OPEC member states, with support from Russia and other non-member allies, agreed this week in Vienna on a deal to maintain production cuts for another nine months. The production ceiling extension, originally envisaged as a short-term prop to bring oil inventories back to historically levels, could expire in March.
The extension effectively establishes a new floor for prices that’s well above the lows seen last year. The extension also benefits OPEC members Nigeria and Libya who remain excluded from cuts due to outputs curbed by unrest.
However the markets did not quite clap back as it reacted to fears of a lack of an exit strategy along with fears of the long term effect of surging U.S. shale output. Brent crude and Futures in London fell on the decision, wiping out most of the gains since Russia and Saudi Arabia publicly endorsed and pledged their commitment to the extension.
Russia’s energy minister, Alexander Novak, moved to reassure the markets of Russia’s and other non OPEC member’s commitment to the deal describing the collaboration with OPEC as pivotal. He also said Russia and OPEC have the means and the will to further support crude prices if needed.

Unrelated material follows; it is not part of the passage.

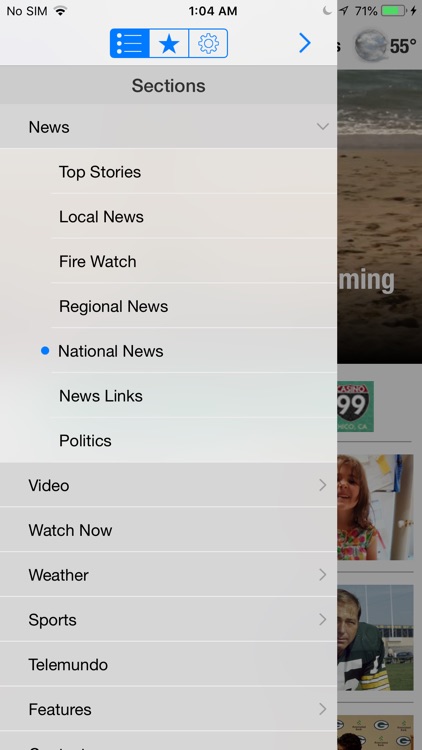 Action News Now Breaking News
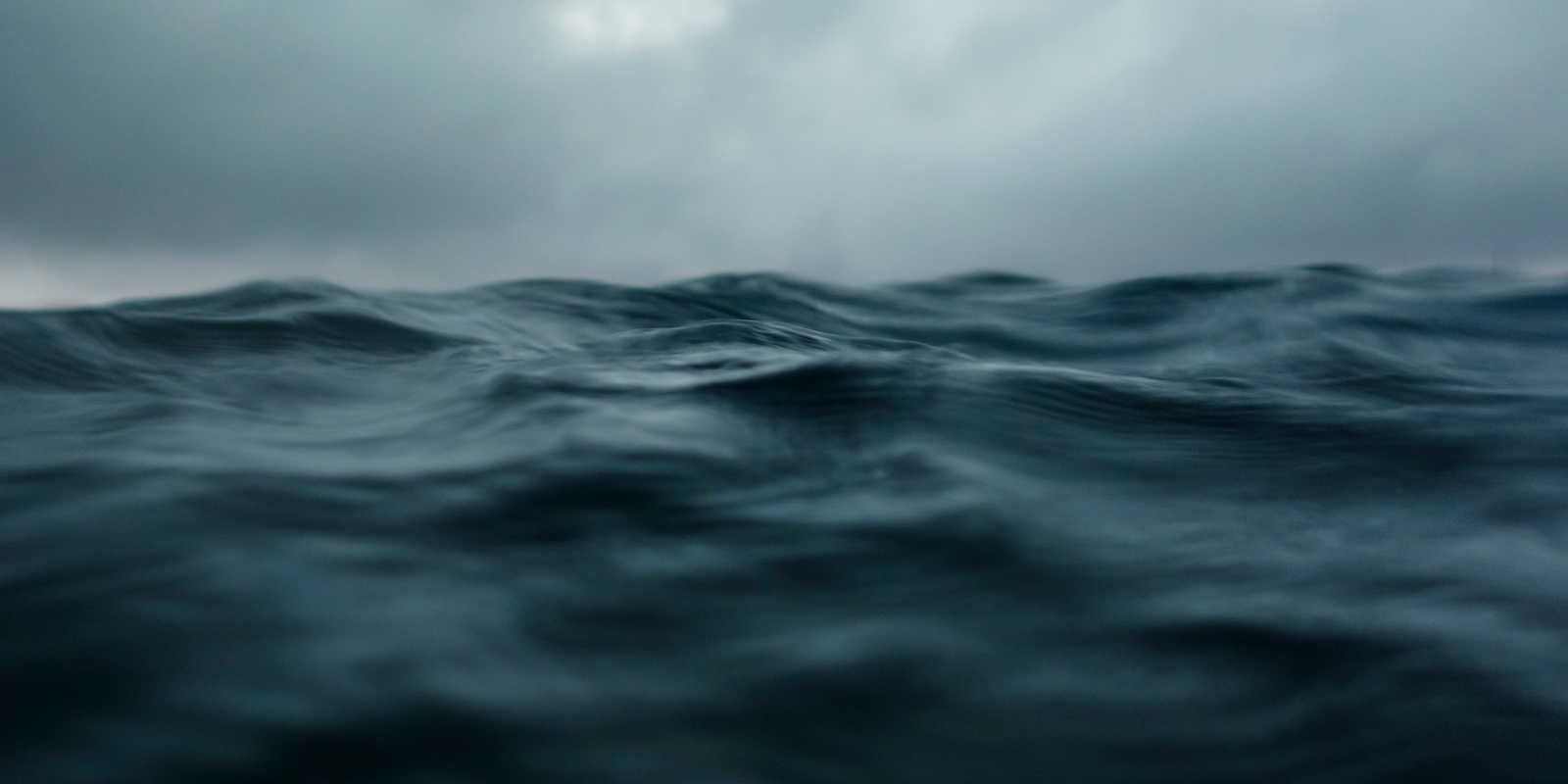 Changeable seas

He sought to assuage fears of analysts and the markets in the aftermath of the market gyrations after the meeting. He said:
“It happens all the time, these fluctuations. Extending the agreement was a very important long-term fundamental decision which will help in rebalancing the market and bringing back investment. We could have seen a much worse market reaction if no decision to extend the declaration of cooperation was taken.”
Saudi Energy Minister Khalid Al-Falih also said after the meeting:
“We’ve said we’ll do whatever is necessary.”

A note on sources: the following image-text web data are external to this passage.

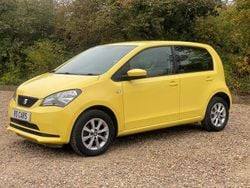 Yellow Used 2014 Seat Mii Hatchback | £3,995 (Fair price)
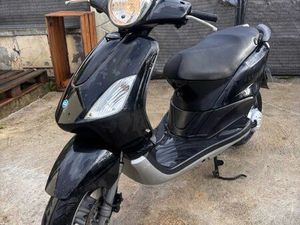 PIAGGIO FLY 2 TEMPS ROULE NICKEL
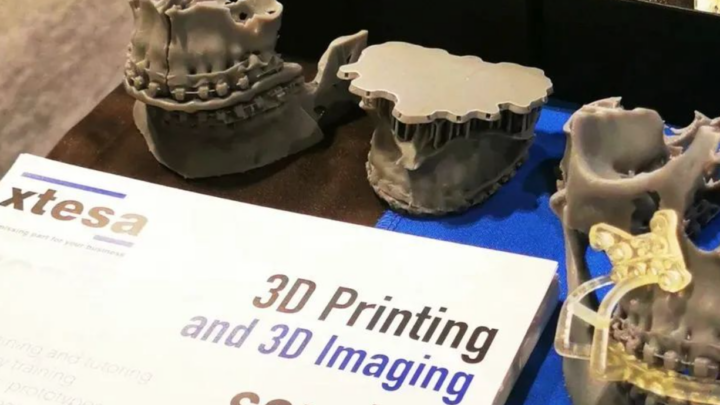 3D Printing service for medical use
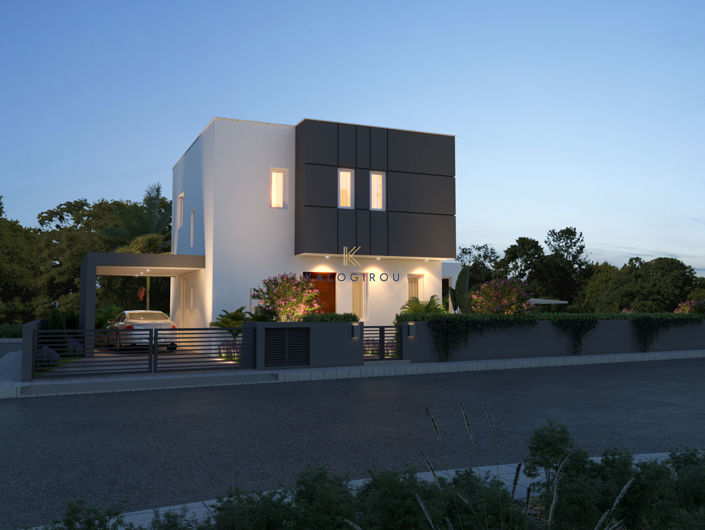 Image No.2-Maison de 3 chambres à vendre à Xylofagou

Inspite of the assurances from Russia and Saudi Arabia, US production is at a record high.
Rising U.S. production has meant oil inventories remain well above the level targeted by OPEC ministers. The price impact of production cuts made by OPEC and its allies continues to be diluted by rising U.S. shale oil production.

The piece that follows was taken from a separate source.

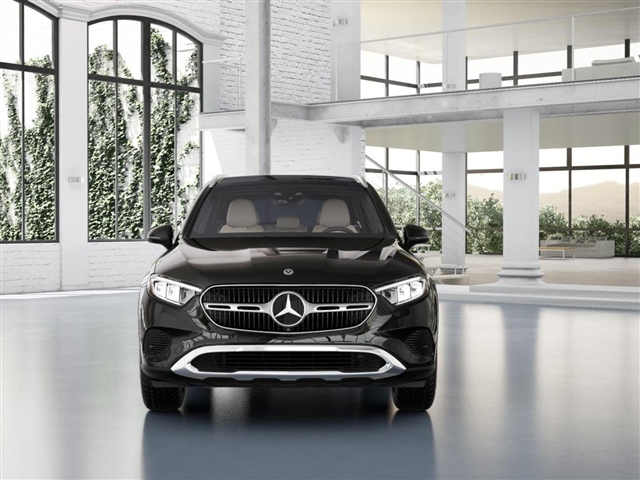 2025 Mercedes-Benz GLC GLC 300 4MATIC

The extension is expected to accelerate U.S. shale oil output even further. In 2018, global oil inventories could increase by about 600,000 bpd in the first quarter, followed by about 500,000 each quarter for the rest of the year.
This would benefit U.S. shale drillers, who could benefit from this week’s deal, a double edged sword raising concerns of oversupply long term.
OPEC and allies may then be forced back to the drawing board to find a way to pull the rabbit out of the hat for a longer term and sustainable structural intervention.